The London-based cloud payment and data protection solutions provider said it expects adjusted pretax loss to narrow to £600,000 in the financial year ended June 30, from £1.1 million a year ago. PCI-PAL noted that the current market consensus was an adjusted pretax profit of £100,000.
Chair Simon Wilson said: ‘The board and audit committee is disappointed that the company now does not expect to report a full year group adjusted profit before tax, contrary to management expectations, due to the timing of revenue recognition relating to a specific customer.
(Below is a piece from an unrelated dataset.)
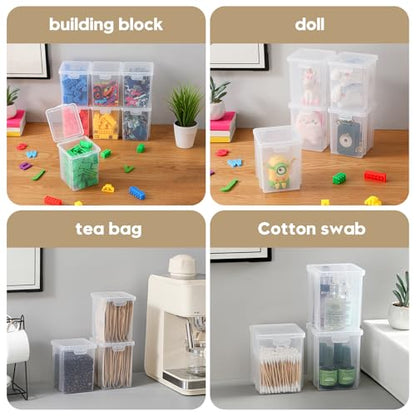 10 Pack Deep Clear Square Storage Box, Craft & Art Marker Organizer - size: Clear Square Medium - 10 Pack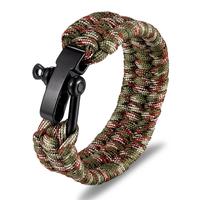 Kép 1/2 - Terepmintás Paracord Karkötő - Fekete Zár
The fact that this revenue is now expected to be recognised in FY25 instead of FY24 does not detract from the successful operating outcome that the team has achieved this year, and the consequent substantial swing from negative to positive adjusted free cash flow.’
Revenue is expected to be 20% higher at £18.0 million compared to £14.9 million in financial 2023, but 5.8% lower than the current company-cited market consensus of £19.1 million.
New business license sales declined 9.5% to £3.8 million annual recurring revenue via contracts from £4.2 million, with PCI-PAL highlighting that financial 2023 is a very strong comparator which included the signing of one of its largest single contracts to date.
PCI-PAL expects to release its annual results in mid-September.
PCI-PAL shares fell 2.3% to 56.16 pence each on Wednesday afternoon in London.